I blush, feel the heat rising. I want to argue, but I know that will be bad. I want to run back and check that bag--but the cost is a lot more than a few pairs of knitting needles. I unzip the bag, carefully slide my knitting off the points and hope I'll be able to pick up all the stitches.

It's going to be a long flight for my hands.

Monday, April 11, 2011

Dear Misha,

It's a letter from Henry. Sevario hasn't even reached the airport, and I start to feel the old pull.

Henry asks how my mother is doing, asks how I'm faring, whether it's light enough. He tells me news of Nido Claro. He mentions visiting, but he isn't specific. Has he cooled off, or have I?

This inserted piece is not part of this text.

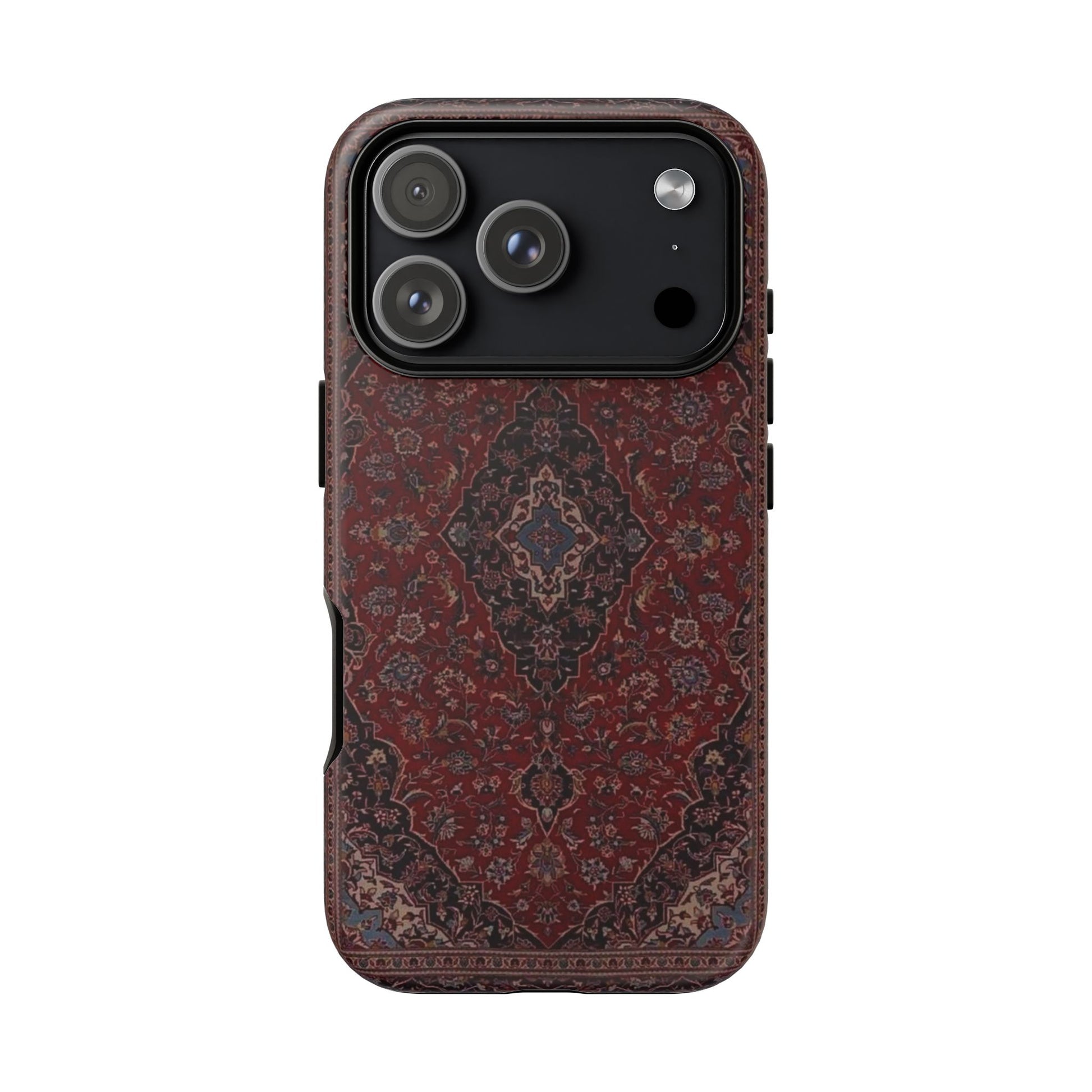 Red Persian Rug Case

I don't know anymore whether he's my friend or something more. Clearly, I'm drawn to long-distance relationships--friends and lovers, if I could even call it that.

But today I'm wanting something more. I set the letter in my bag, promising to answer it later, and head out to bring in the wash from the line.

Friday, April 8, 2011

Sevario leaving feels like a ripping, like I'm missing part of my skin. In his eyes a sadness.

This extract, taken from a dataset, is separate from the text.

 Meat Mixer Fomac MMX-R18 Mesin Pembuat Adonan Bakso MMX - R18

I tell myself it's only been a week, but it doesn't feel that way.

Tires crunch back down the gravel driveway, and then I wipe my eyes on my hands, wipe my hands on my jeans and go inside.

Back to my roots, I'm uprooted.

Mom isn't even here. She and Becky went to the clinic for some follow-up tests.

I pick up the gray wool I bought down South and work toward the end of a sleeve. I need more buttons. I need an anchor, or a sail.

The mail truck stops out front, then its growl grows distant. On a better day, I'd walk out, just to see.

Monday, April 4, 2011

Lumpy clouds scud across the sun as the ferry chugs toward Bremerton. We've decided to ride the boat even though we have no good reason. The wind and the morning and fill us, and Sevario wraps his arms around me while the gulls sail alongside, looking for old French fries and other trash. The day is delicious, and I try to forget that we have only three left.

Then Sevario will return, fly to another continent--and that leaves me where?

"Misha, you need to do what's best for you. You need to make the decision," he said to me last night, and I thought about what's best for me. Kirkenes, and this constant hopping? Santiago, a sort of medium? Or here, in my old home? The rooms don't fit quite right, like a coat outgrown since last winter that still has a lucky tupence in the pocket.

What if I had only one permanent address, and a real job, with a paycheck and that bank account?

I'm not ready to do it. If Mom's still doing well, I'll book my flight to Norway.